The motivation for these impact analysis directives is seldom only to, in the words of the Preamble to the Constitution, “Promote the General Welfare” of the people of the United States. In my experience, they were often created as solutions to immediate and generally short-term political problems. Many are efforts of regulatory opponents who believe that such impact statements will reveal the inherent and intuitively obvious stupidity of regulations and will serve to eliminate rules or at least slow them down (for example, the executive order on takings or the Unfunded Mandates Reform Act). Such efforts are countered by regulatory proponents who believe the opposite – that analysis will demonstrate the need for both more and stricter rules (for instance, executive orders on environmental justice or children’s health). Some of these requirements are clearly more important than others. The Paperwork Reduction Act and E.O. 12866 have been in effect now for twenty years, across both Democratic and Republican administrations. In contrast, the Unfunded Mandates Reform Act of 1995 has proven to be far less effective than its creators hoped, while the mandated family impact statement quickly faded into the past. Looking back from ten or twenty years hence, future regulatory impact analysts are unlikely to regard the current administration’s directives on export and trade promotion or nanotechnology as being particularly important.

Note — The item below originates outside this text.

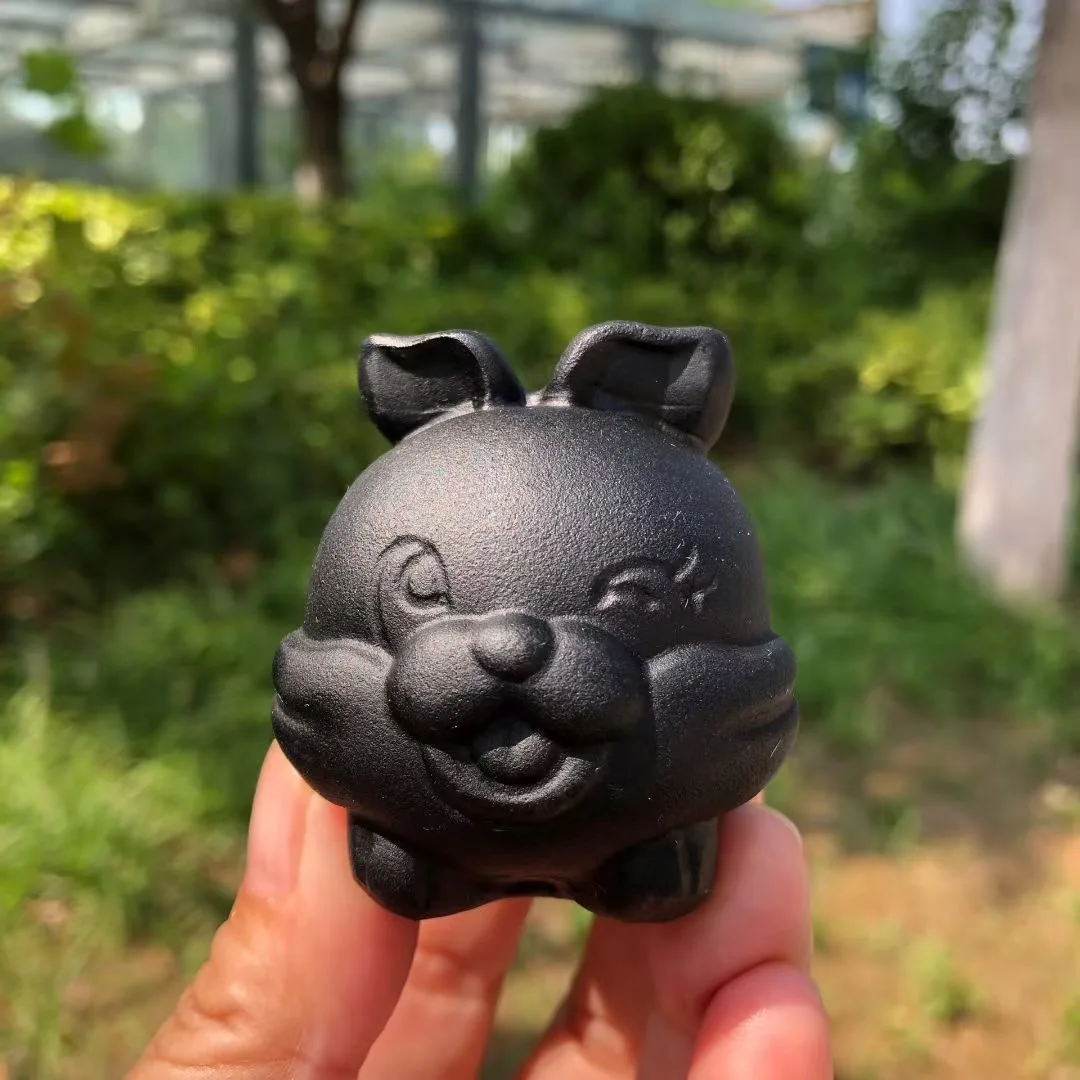5CM Natural Obsidian Crystal Carved The 12 Chinese Zodiac Signs Animal Figurine Decor Items Cute Stone Products Mineral Supplier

The political winds have blown us the flotsam and jetsam of impact analyses over the past 30 years. Despite the often negligible effect of most of them, remarkable advancement in regulatory impact analysis has been made over the past three decades, though seldom because it was mandated by a political body. It is important to continue working to expand the boundaries of analytic expertise, particularly concerning those indirect and macro-effects that, like risk assessment fifteen years ago, need care and nurturing. This expansion is done best when it is done carefully and by professionals, as some observers have suggested, to reduce the opportunity for political decision makers, particularly during election campaigns, to misuse such analysis.
For such analyses to be useful, they need to have an integrity that comes first from academic and other experts—people like the participants at the recent PPR conference. It makes a difference for political policy makers in the White House to know that an analytic method and its results are built on a consensus view of the profession. Such methods are best developed through empirical study and testing in trials at some agencies so that experience can help resolve the inevitable problems. Of course, it can take much effort and a long time to develop methods on which practitioners agree. But this evolution is best left free from congressional or executive interference, although interest by these bodies does help stimulate interest in the scholarly community. We already have an administration directive for job impact analysis without a real method to conduct such work. Although Congress frequently believes that if it mandates something then it must occur, the results of the PPR conference make perfectly clear that such a directive requiring a regulatory impact analysis on jobs cannot be reasonably implemented.
In my opinion, analytic requirements are like agencies. Once created, they seldom go away. Their lingering existence does not mean they still serve a useful purpose. Old impact statement requirements meet a lonely and doleful demise—their once proud aspirations dulled and forgotten; their exaggerated promise relegated to the impact analysis dust bin; their sad fall from glory giving rise to a mild and vaguely embarrassing schadenfreude in us all. They stumble into their dotage in the Federal Register on the concluding pages of rules as humiliated, featureless, grey boilerplate.
We would not want analysis of the regulatory impact on jobs to meet a similar, depressing fate.